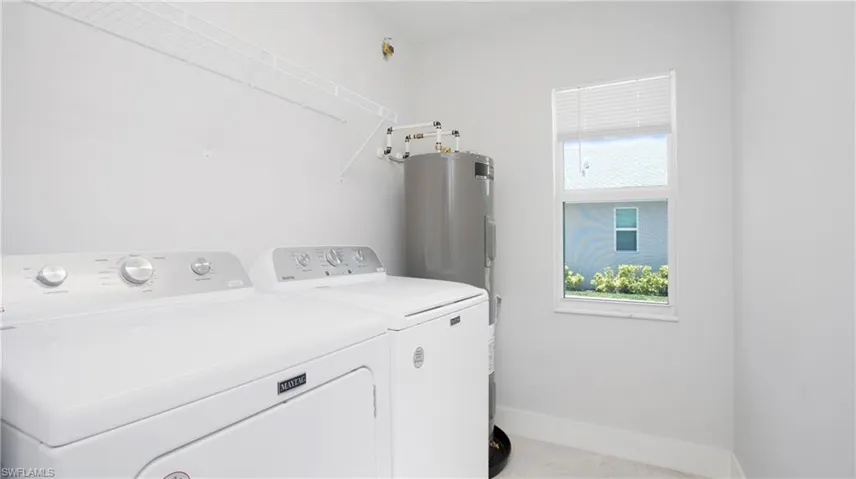 Laundry area with washing machine and dryer and baseboards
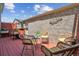 Outdoor deck area with wicker furniture, brick wall, and a planter box at 7589 S Cove Cir, Centennial, CO 80122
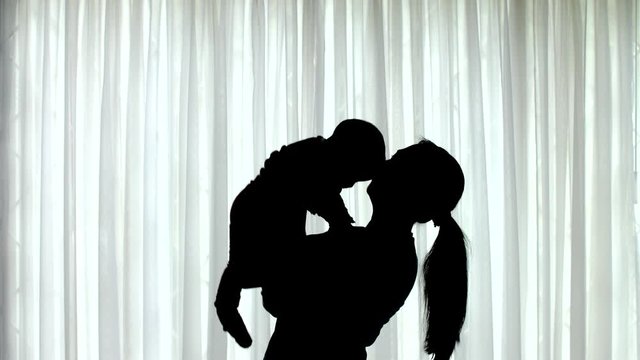Silhouette of woman lifting a baby up in front of a window with white curtains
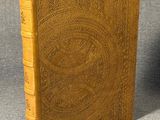 an old book sitting on top of a table next to a cup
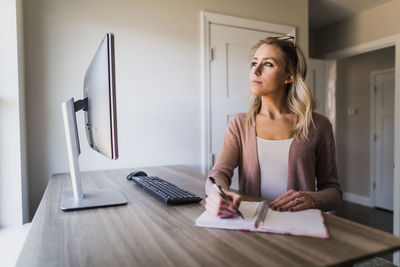 Young woman using laptop on table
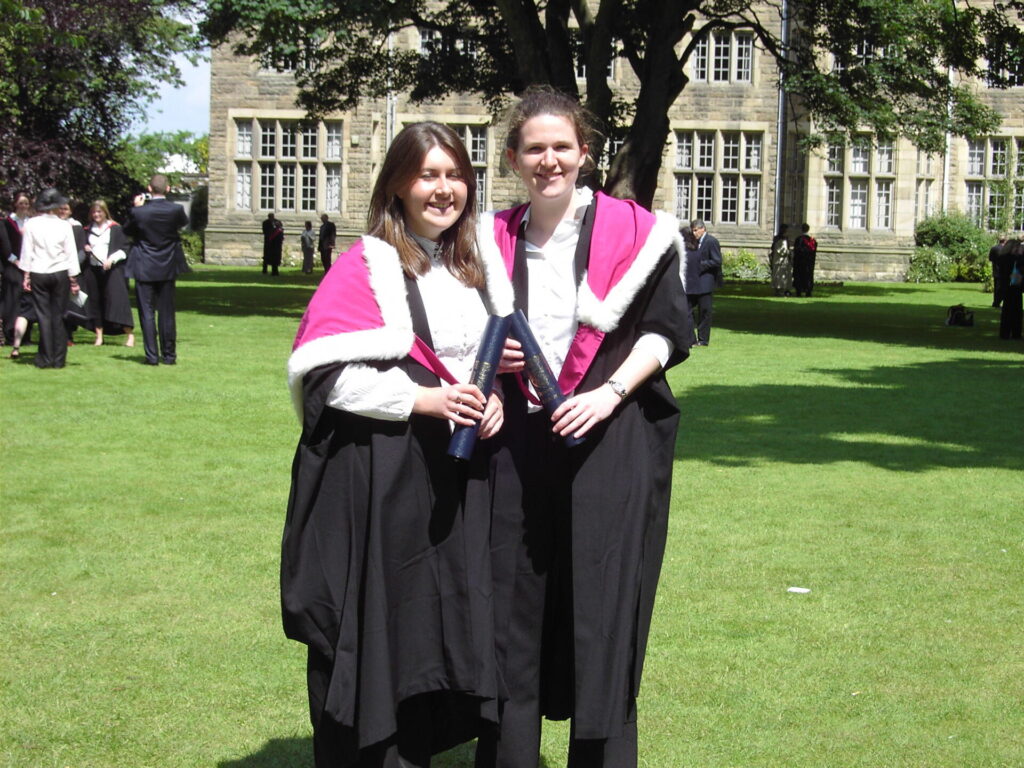 Two female graduates in hoods and gowns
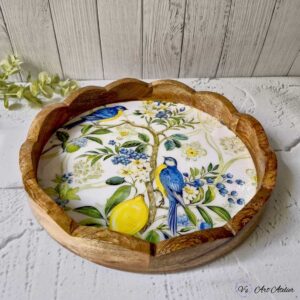 Decorative round wooden serving tray with candles and décor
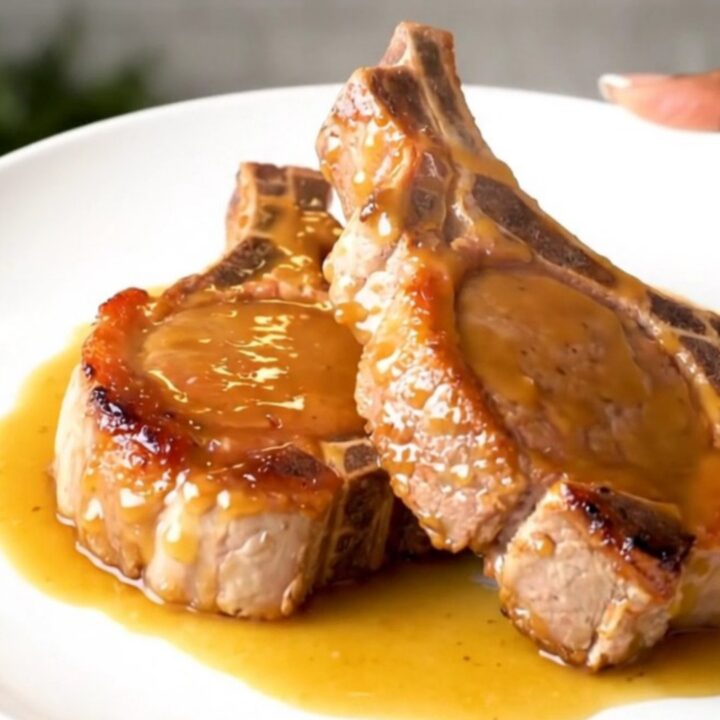 Close-up of tender glazed pork chops on a white plate with a glossy brown sugar and Dijon sauce.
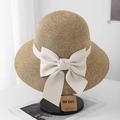 Close-up of woven straw sun hat with elegant beige ribbon bow and UV protection tag - Adjustable / Beige Bow Natural Straw Hat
————————
**Exercise instructions**: Retype the listing exactly. Skip every picture.

**Answer box**:
 Laundry area with washing machine and dryer and baseboards
 Outdoor deck area with wicker furniture, brick wall, and a planter box at 7589 S Cove Cir, Centennial, CO 80122
Silhouette of woman lifting a baby up in front of a window with white curtains
 an old book sitting on top of a table next to a cup
 Young woman using laptop on table
 Two female graduates in hoods and gowns
 Decorative round wooden serving tray with candles and décor
 Close-up of tender glazed pork chops on a white plate with a glossy brown sugar and Dijon sauce.
 Close-up of woven straw sun hat with elegant beige ribbon bow and UV protection tag - Adjustable / Beige Bow Natural Straw Hat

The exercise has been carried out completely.